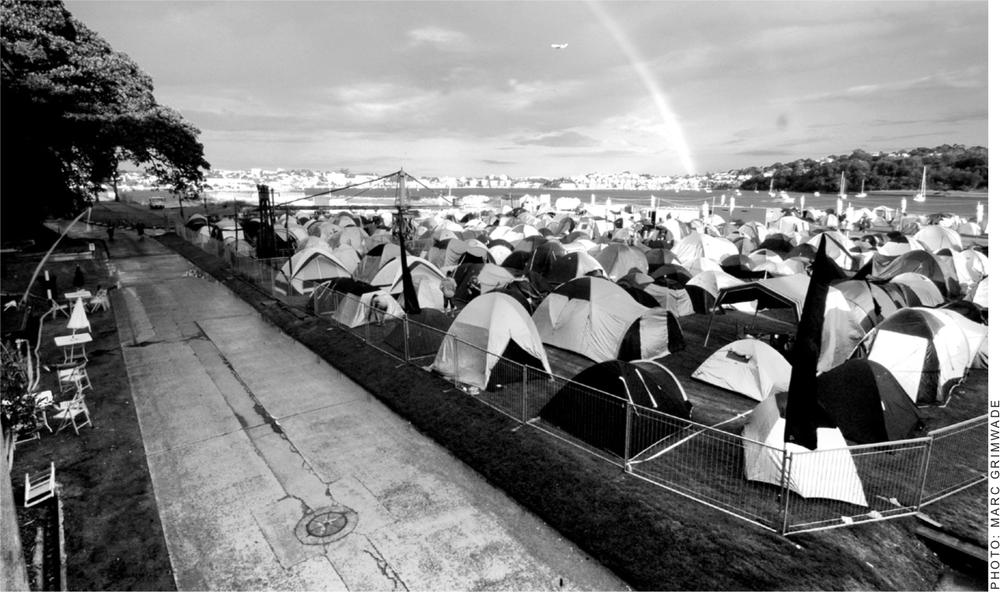 A black and white photograph of numerous tents on the grass of Cockatoo Island.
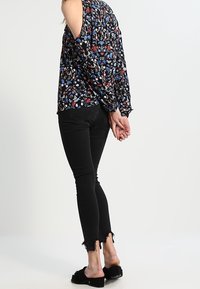 Blusa nera a fantasia floreale con design a spalle scoperte, abbinata a jeans skinny neri con orli sfrangiati e scarpe slip-on nere.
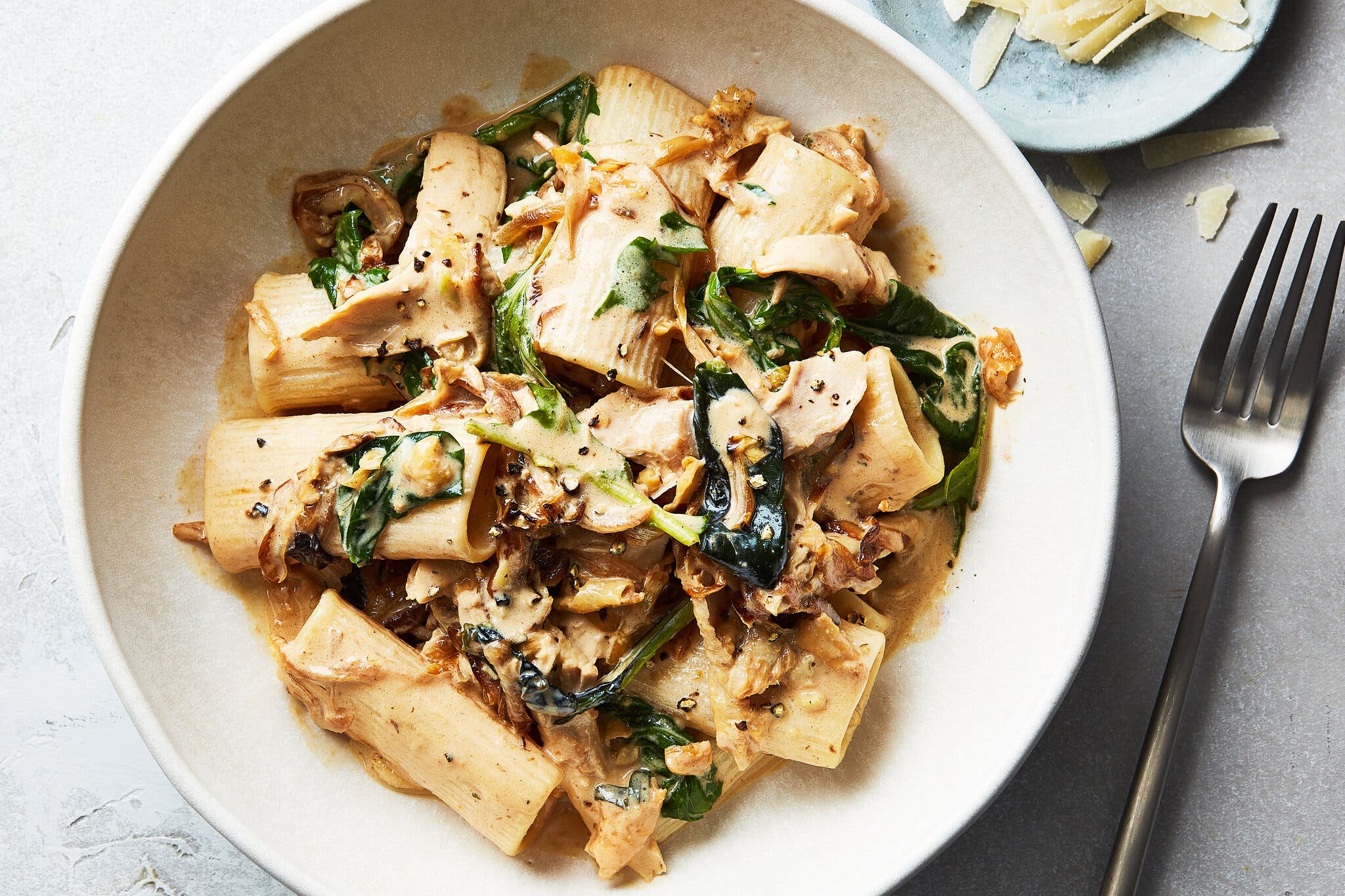 A creamy bowl of pasta topped with greens sits in a bowl. Shaved Parmesan is visible on the side.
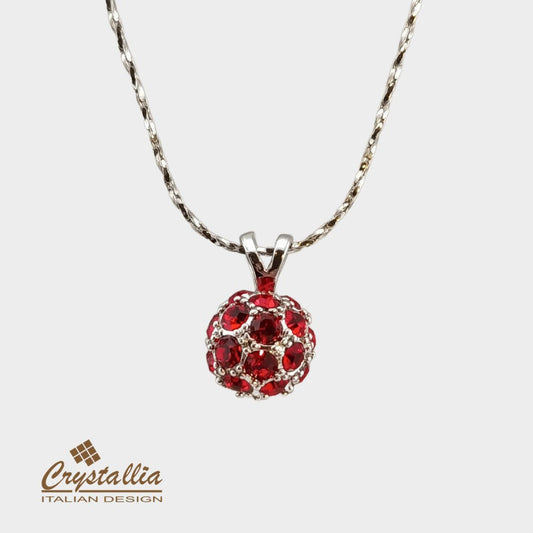Red gemstone pendant on a chain with Crystallia logo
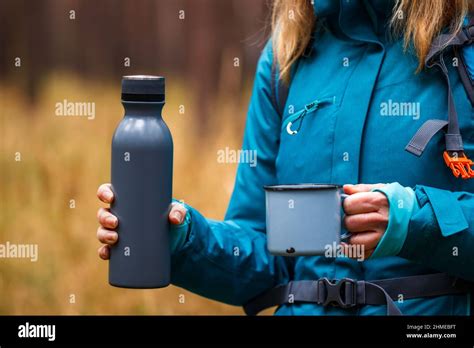 Female Hiker Holding Thermos With Hot Drink And Travel Mug In Forest Woman Hiking And Camping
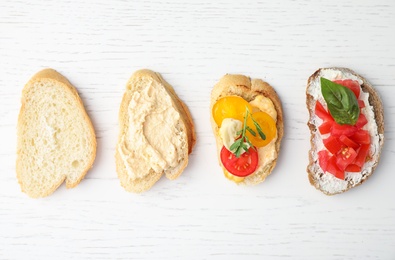 Photo of Delicious tomato bruschettas on white wooden background, flat lay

###

■ Prompt
Could you restate exactly the lines from the line containing "Red gemstone pendant" through the end of the listing, both ends included and nothing else, leaving the images out?

■ Response to this exercise
Red gemstone pendant on a chain with Crystallia logo
 Female Hiker Holding Thermos With Hot Drink And Travel Mug In Forest Woman Hiking And Camping
 Photo of Delicious tomato bruschettas on white wooden background, flat lay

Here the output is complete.